Clark accepting that future lies away from Redfern
When Jason Clark was growing up on Botany Road, he only wanted to play for South Sydney and would have been satisfied to start just one match.
Now, as the 28-year-old prepares for his 150th Telstra Premiership game with the Rabbitohs, he has come to terms with the fact he will have to play elsewhere next season if he wants to continue his career.
Clark, who will start at lock in Thursday night's match against Sydney Roosters after Cameron Murray succumbed to a hamstring injury, was told last year he would not be offered a contract by the club for 2019.

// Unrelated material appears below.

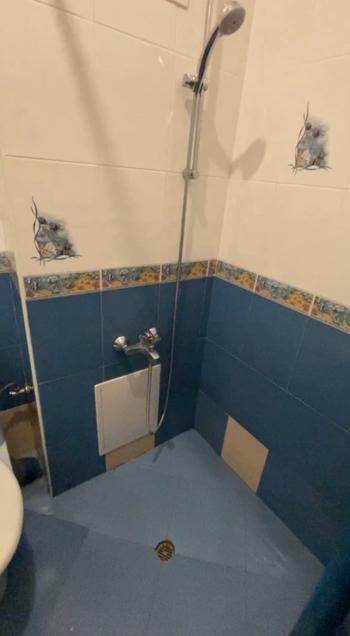 Дава се под наем Тристаен апартамент в София, Младост 1А - 70 кв.м за 500 € - Снимка #7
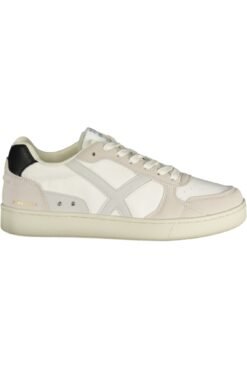 gas calzatura sportiva uomo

It was a difficult conversation for Rabbitohs general manager of football Shane Richardson to have with a player whose passion for Souths is such that he was among the 80,000 fans who protested the club’s expulsion from the NRL in 2000.
Yet there was never any doubt that Clark would understand the Rabbitohs wanted to give him as much notice as possible so he could settle his future.
"It's hard but the club has been great with me dealing with that sort of stuff," Clark told NRL.com.
"Richo pulled me in last year and wanted to let me know early so I could get on the front foot and look after myself. I am very thankful to him for doing that.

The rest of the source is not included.